No Layout just launched an online store using a new model of print distribution: when you buy through No Layout, you’re buying directly from the creators. The site takes no commision. Instead, they offer exposure and portal for direct sales in exchange for a small annual fee.
After browsing No Layout with pleasure for months, I wanted to know more about the impetus for its creation. And so I contacted its creator, Daniel Pianetti, and here we have some answers.
I’m assuming your interest in digitization and archiving comes from a passion for print. Do you collect zines and periodicals? Do you have favorite publications or periods in print history?

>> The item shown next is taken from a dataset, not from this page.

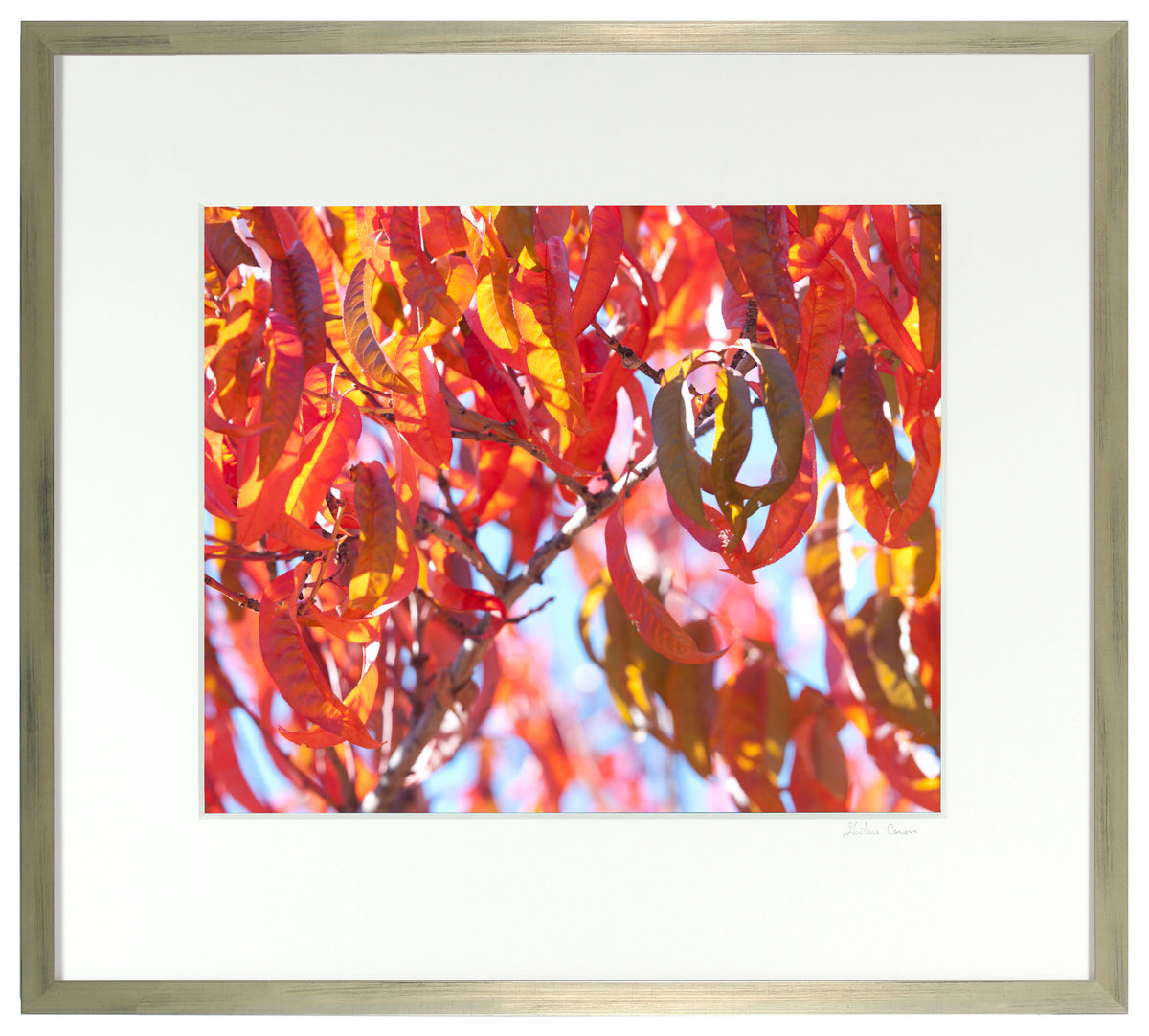 <I>Early Charlotte (Peach Tree)</I><br>Mendocino, California, 2015<br><br>GC0405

Yes, I collect weird publications without much of a periodicity nor following specific publishers. I wish I could have all the zines from the New York DADA/Surrealist period, and Jean Cocteau’s drawings. A theme I’m also drawn to is how erotic and porn publications often become cult objects due to their opposite characteristics: of being easily saleable and at the same time having a taboo status. I’m also involved in book projects with photographers I like. I’ve work as both a publisher and designer.
Do you see No Layout as part of a larger movement of new methods of publishing and distribution?

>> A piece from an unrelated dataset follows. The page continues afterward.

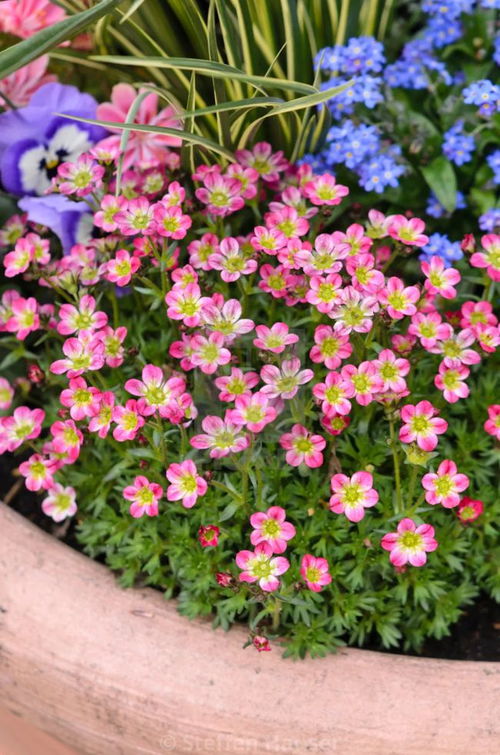 微景观植物大揭秘：打造你的迷你绿色世界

I think No Layout is actually quite old school as a concept. This type of archiving is not that different from what they do at MoMa’s library, it’s simply transposed to a contemporary medium. Regarding the distribution, it may be, but it’s too soon to say if it will work or change anything.
Working from that last question, what do you see as some of the most significant or interesting new developments in independent publishing? One thing I’ve noticed is that the most successful new magazines are quite specialized, like Lucky Peach, Apartamento, Richardson, The Travel Almanac…
Contrary to the belief of many, I think it’s a golden period for art and independent printed publications. Publishers are either focusing on the object–creating limited precious editions–or on the reader–identifying very precise and trusted niches like the ones you mentioned. I see two other categories, among those whining and failing in publishing: first, the generic magazines that still haven’t managed to understand how the real behaviour of reading moved to digital, and the poorly executed (visually, conceptually or content-wise) ones, that would have failed 40 years ago, just as they do today, with the difference that their voice is amplified by their 10k Tumblr followers.
What’s in the future for No Layout?
For this year, the focus will stay on the store experiment. The main goal has always been to become the Internet reference for independent publications, whether that’s in terms of archiving, selling, or other properties. It’s a slow journey since it’s all done as a side-project without financial aid but I think we’re at a good point.